Anne brings to the GSMA a wealth of experience and a proven track record of success in the highly dynamic mobile industry. With a deep understanding of the opportunities and the challenges facing mobile operators today, she leads the GSMA in driving strategic programmes and initiatives for the benefit of its membership.
Before joining the GSMA, Anne was Executive Vice President for Mobile Services for France Telecom Orange. In that role, she defined the strategic priorities and led transformation programmes for the mobile business, and was also responsible for the selection of mobile devices sold to customers with mobile offers. In 2010, this represented more than 120 million mobile customers, 29 million new mobile phones distributed and more than 14 billion euro in revenue. She previously was responsible for international business development at France Telecom Orange, and her achievements include the privatisation of Telkom Kenya, new mobile licences in Armenia and Tunisia, and partnerships in Portugal and UAE.
Prior to France Telecom Orange, Anne led a 600-person business unit of Equant and was responsible for developing IT services for Equant’s multinational business customers. She began her career in telecommunications as project manager for Telmex in Mexico in 1991.
Anne holds M.S. and Ph.D. degrees in mathematics and computer science from the Ecole Normale Supérieure in Paris and an M.S. degree from Telecom Paris. She has served on the Board of the GSMA, representing France Telecom Orange, for the past two years. She also serves as a non-executive director of Groupama, a major French insurance company, and as a non-executive director of Edenred, the world leader of prepaid corporate services.
I have spent my career in telecommunications, and most recently, in mobile, and I don’t think I could have selected a more exciting, dynamic industry in which to work.
The developments in these areas just over the past two decades have been staggering. The first GSM call was made in 1991, and now, twenty years later, there are more than 6 billion mobile connections worldwide. And over the next ten years, mobile will connect everything in our lives, with tens of billions of connected devices.

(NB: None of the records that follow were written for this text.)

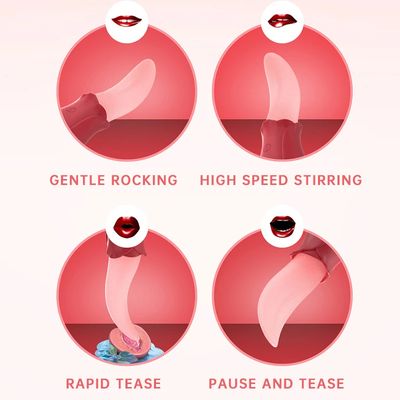 Powerful Tongue Licking Nipples Stimulator , Clitoris Stimulator Vagina Massager,G Spot Female Vibrators,Adult Sex Toys_img_3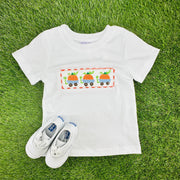 Smocked Pumpkin Boy's Shirt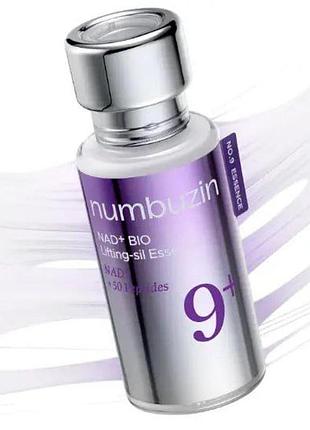Антивозрастная лифтинг-эссенция с nad+ и пептидами numbuzin no.9 nad bio lifting essence 30 мл для упругости и от морщин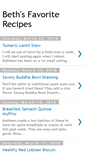 Mobile Screenshot of bethsfavoriterecipes.blogspot.com
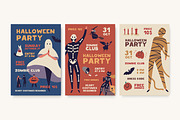 Halloween posters, cards, seamless, a Decorative Illustration by Good Studio (Thumbnail 2 of 15)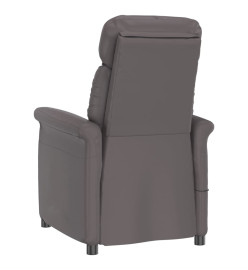 Fauteuil de massage Gris Similicuir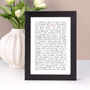 Gin Quotes Gift Print, thumbnail 2 of 7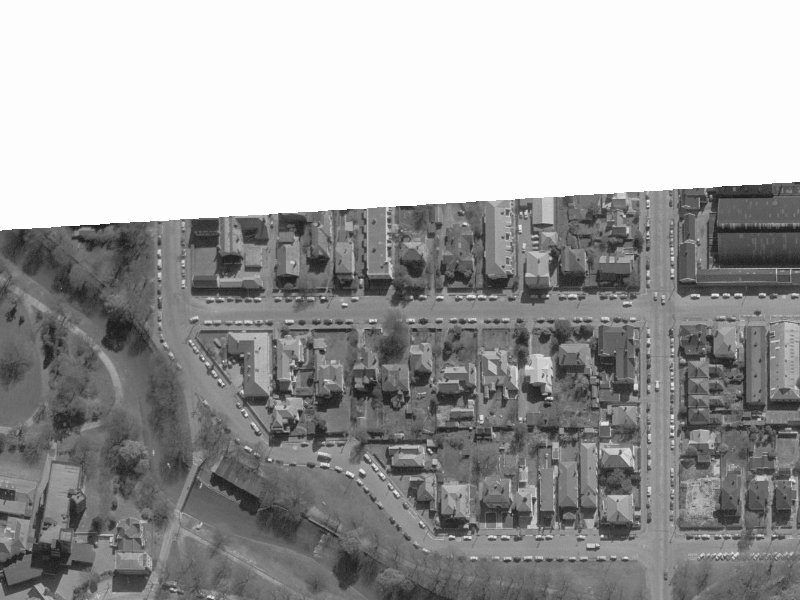 23 Cashel Street from the air, 1960-1964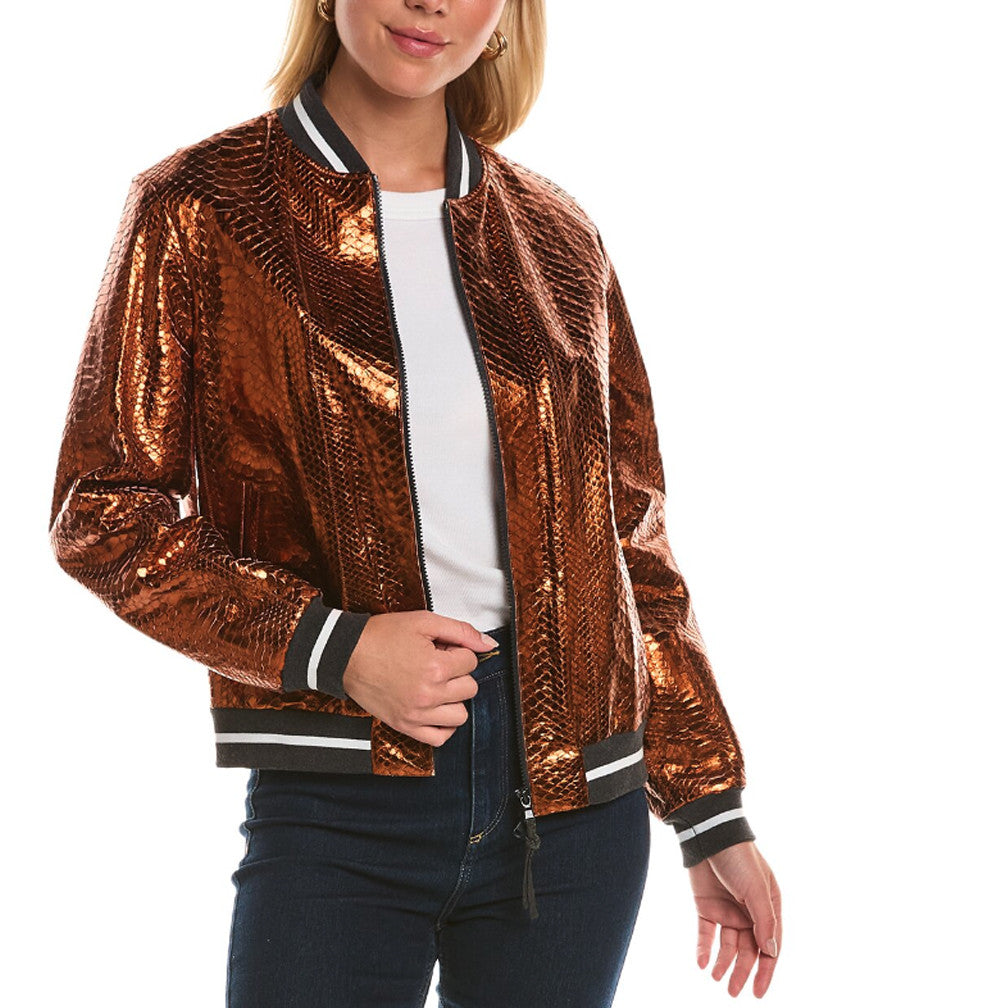 Brunello Cucinelli Brown Leather Jacket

This rapid pace of change also creates challenges for our industry, as we look to harness the power of mobile to deliver new services and capabilities to billions of people around the world, in developing and developed markets.
I received advanced degrees in both computer science and mathematics, as well as in telecommunications, so my education was quite technical in nature, and this gave me a very solid foundation for the roles that have shaped my career since.
This background prepared me for not only the technical roles that I held early in my career, such as project management, but for the business development and management positions that I have taken on since.
ICT is one of the most vibrant sectors of our global economy today, and one that affects the way people around the world work, live and play. ICT has a very broad-reaching impact, with important economic, social and even environmental ramifications.
For instance, if you look at mobile specifically, research has shown that a 10 per cent increase in mobile phone use has led to a 1.2 per cent increase in gross domestic product (GDP) in low- and middle-income countries. That is a pretty amazing impact.
How is mobile changing the world?
- It’s connecting millions of people in remote locations to the power grid for the first time;
- It’s helping doctors and patients manage life-threatening diseases such as diabetes;
- It’s helping companies across many industries reduce greenhouse gas emissions and lower their carbon footprints;
- It’s providing critical agricultural information and resources to farmers in the developing world.
These are just a few of the powerful examples of how technology is positively impacting the lives of millions.
By pursuing a career in ICT, you have the ability to create change, every day.